→ **EXERCISE AIM**: Your answer must be an exact copy of the records below, minus the pictures.

═══

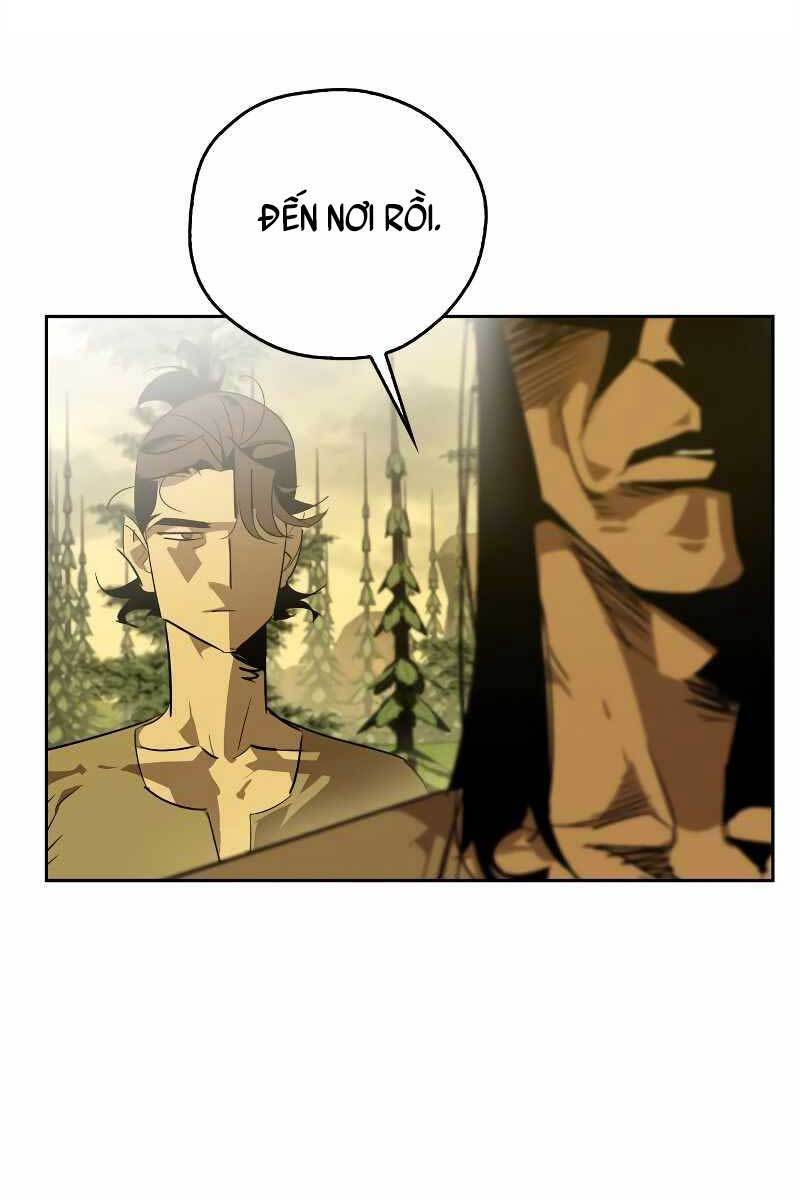Võ Học Miền Viễn Tây Chap 17 - Next Chap 18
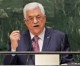 Abbas: Wir sprechen mit jeder Israelischen Regierung die den palästinensischen Staat akzeptiert
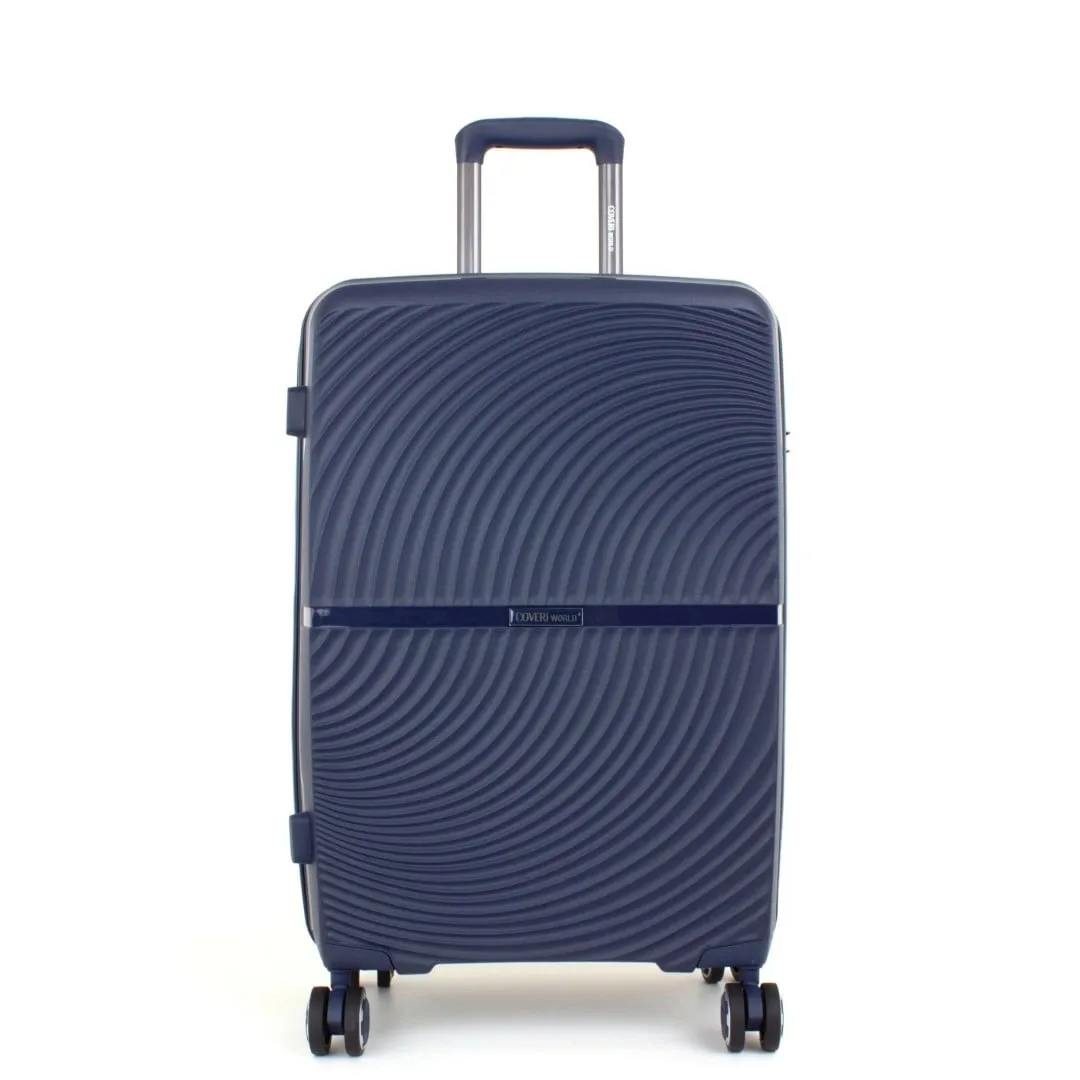 Cabin luggage PP small Coveri World | Trendy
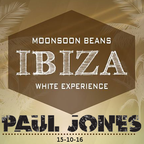 Paul Jones @ Moonsoon Beans - DJ Freddys Bday Party 14-10-16 Part 2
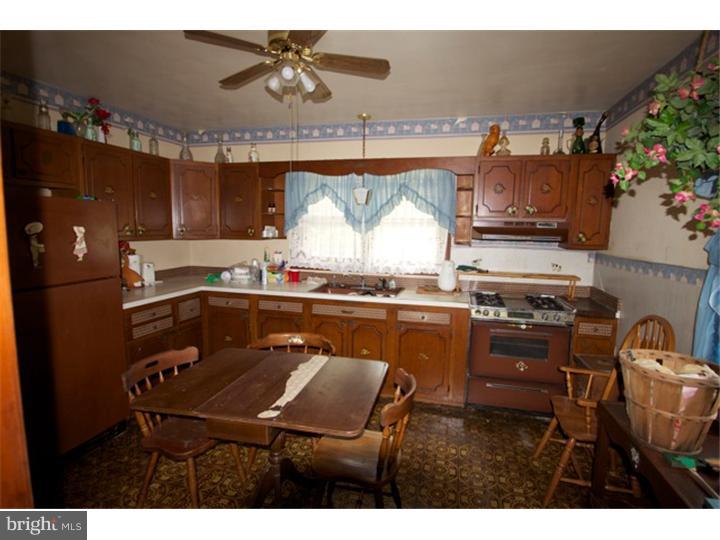 34 Heffner Road Limerick, PA 19468 - Photo 3 of 12 Kitchen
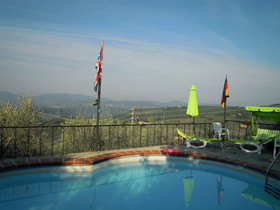 Holiday home Bel Panorama
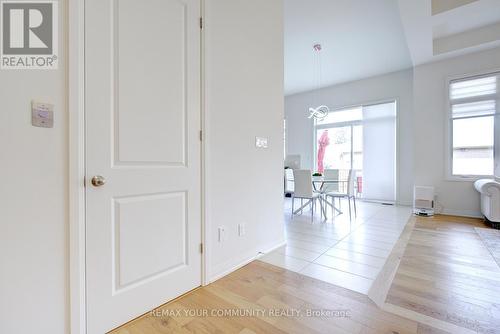 96 Bond Crescent, Richmond Hill, ON - Indoor Photo Showing Other Room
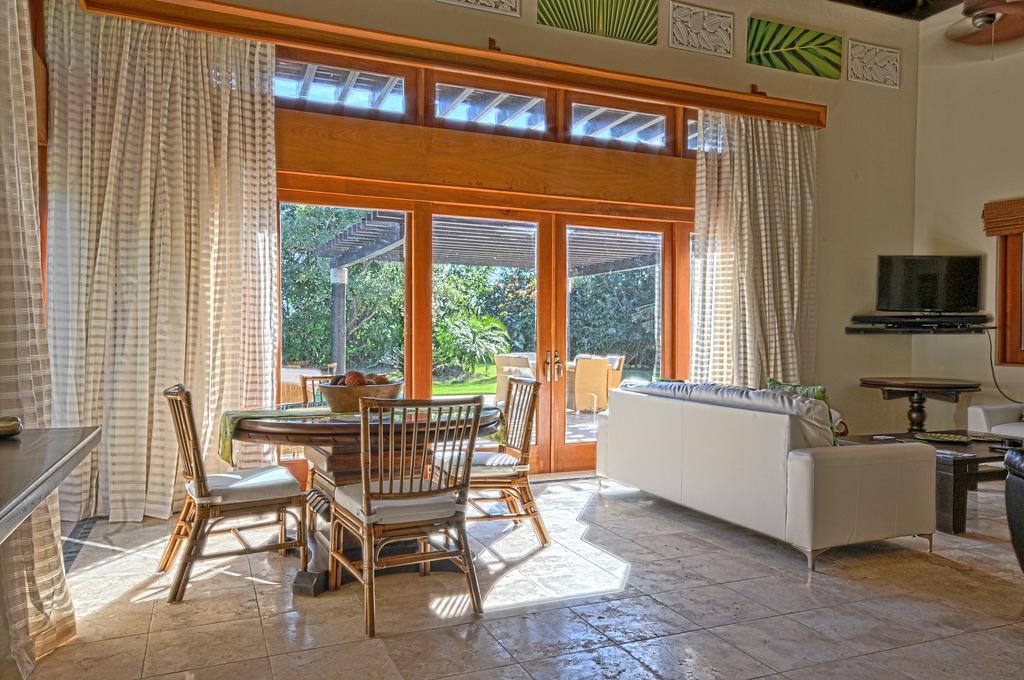 Villa The At Cap Cana By Alsol *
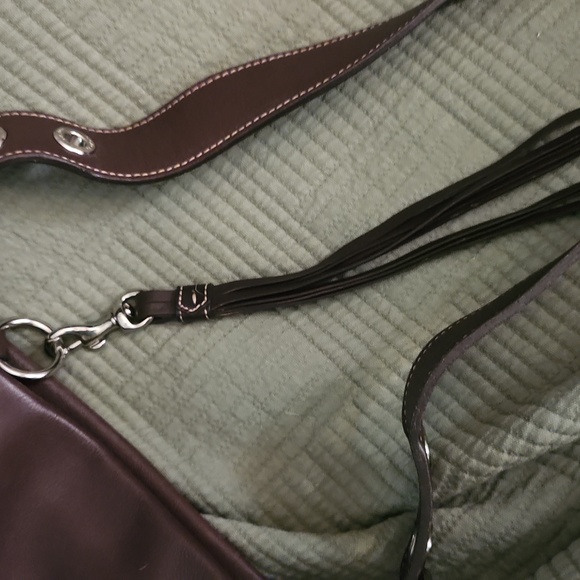 Coach purse - Picture 6 of 6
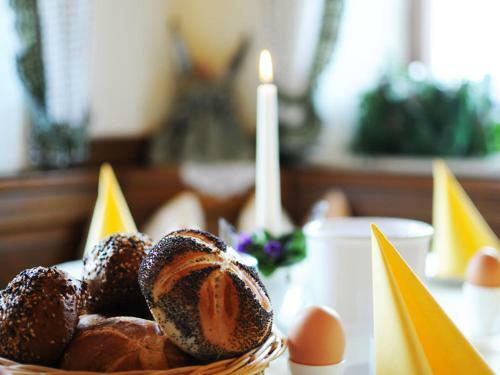 Hostal Pension Riedlhof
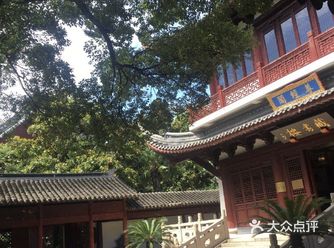 上海人气景点打卡推荐攻略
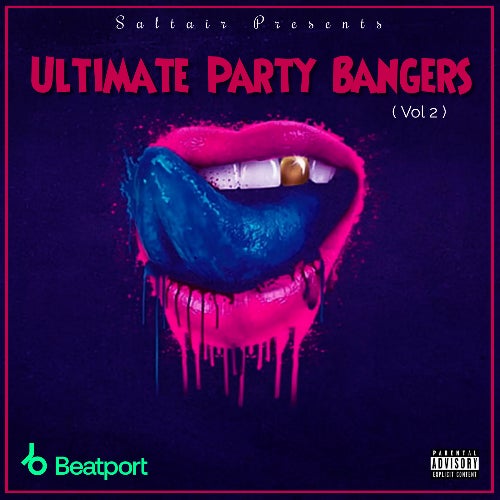 Ultimate Party Bangers ( Vol 2 )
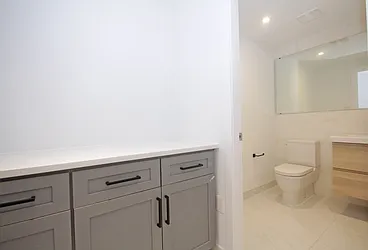 Rented by Modern Spaces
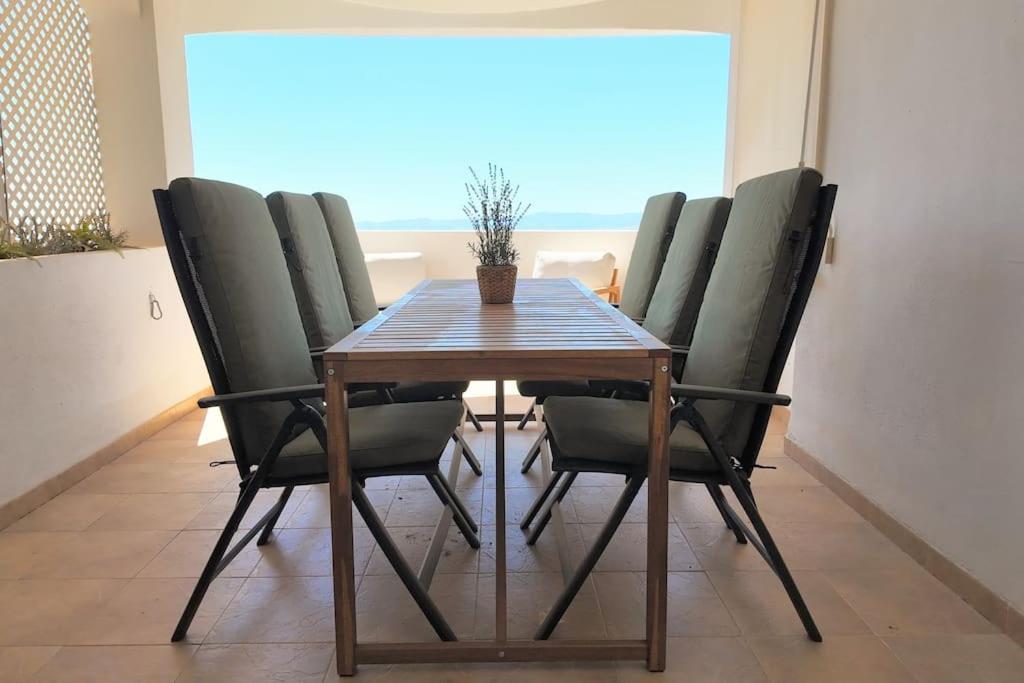 Feriehus Buenavista 4 Bedroom, By Casa Del Sol Hr *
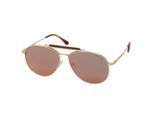 Tom Ford FT0536 28Z Sean Sunglasses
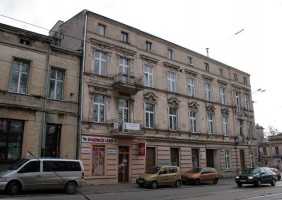 zdjęcie Kopernika 42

═══

→ **ANSWER FOR THE TASK**:
Võ Học Miền Viễn Tây Chap 17 - Next Chap 18
 Abbas: Wir sprechen mit jeder Israelischen Regierung die den palästinensischen Staat akzeptiert
 Cabin luggage PP small Coveri World | Trendy
 Paul Jones @ Moonsoon Beans - DJ Freddys Bday Party 14-10-16 Part 2
 34 Heffner Road Limerick, PA 19468 - Photo 3 of 12 Kitchen
 Holiday home Bel Panorama
 96 Bond Crescent, Richmond Hill, ON - Indoor Photo Showing Other Room
 Villa The At Cap Cana By Alsol *
 Coach purse - Picture 6 of 6
 Hostal Pension Riedlhof
 上海人气景点打卡推荐攻略
 Ultimate Party Bangers ( Vol 2 )
 Rented by Modern Spaces
 Feriehus Buenavista 4 Bedroom, By Casa Del Sol Hr *
 Tom Ford FT0536 28Z Sean Sunglasses
 zdjęcie Kopernika 42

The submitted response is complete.